It’s not hard to hate clowns. When they try to make a joke, all that comes out of their mouths are wolf howls, and children’s tears immediately turn to paint when they touch a clown’s skin, which explains everything. As with most scary topics, Stephen King decided to take the fear of clowns and turn it into a 1,000 page novel, entitled It, which soon received a miniseries television adaptation. The adaptation isn’t the greatest thing ever, but it did imprint the vision of a leering clown with sharp teeth talking to you through a storm drain into the minds of everyone who saw it.
We all float down here.
New Line Cinema, most famous for distributing the Nightmare on Elm Street films, will be overseeing the creation of the It remake, which will, for the first time, bring Pennywise to your movie theaters, and simultaneously ruin multiple things in the lives of a new generation.
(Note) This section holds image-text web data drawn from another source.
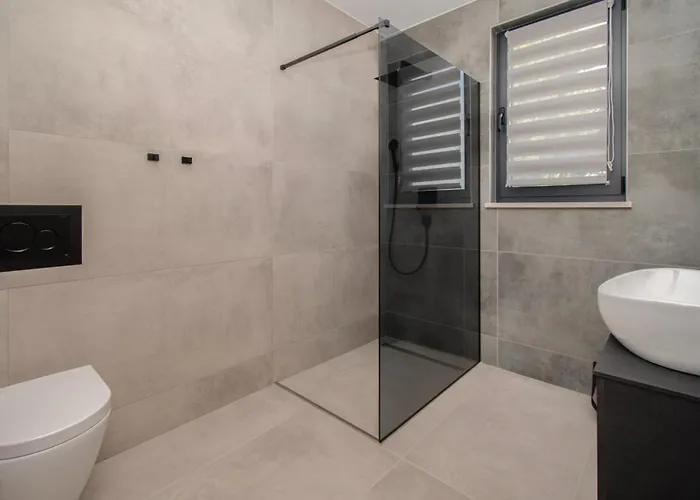 Infinity Gem Mit Beheizbarem Pool In Medulin, Istrien 메덜린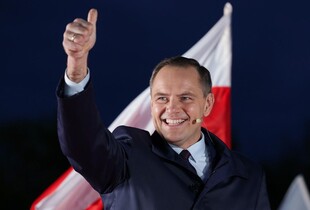 Президент Навроцький востаннє підписав закон про допомогу українцям у Польщі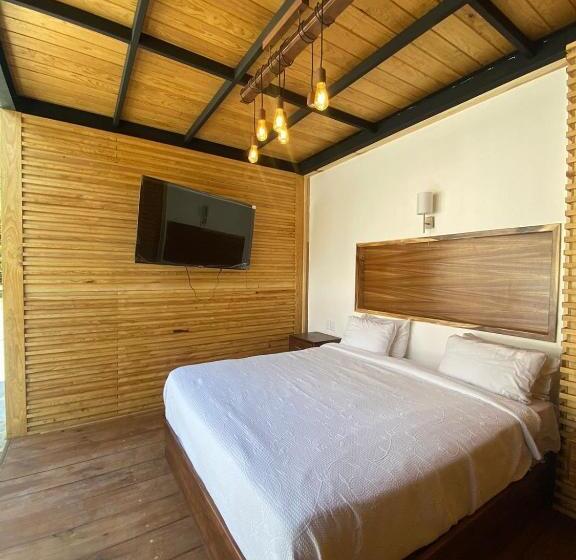 샬레, Real Carretero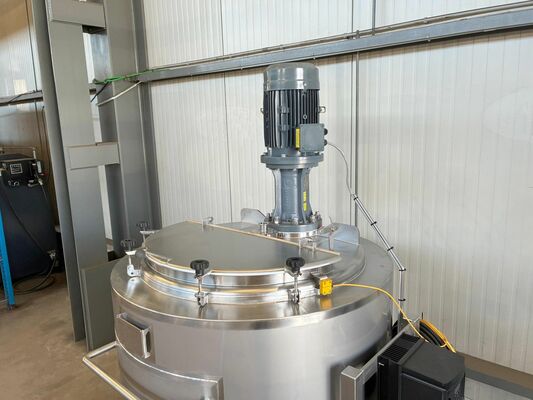 1 x New 750L stainless-steel AISI316L vertical mixing tank.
The It remake is set to span two parts, the first detailing the friendship of the Losers’ Club and how they took down Pennywise, and the second dealing with the adult members of the club coming back together to take on the evil of IT once more.
Cary Fukunaga, most famous for directing all eight episodes of the first season of True Detective, is set to direct the remake. And I hope, in New Line Cinema tradition, that they don’t stop at two parts, and we inevitably get It: Clown Warriors and It: Clown Master.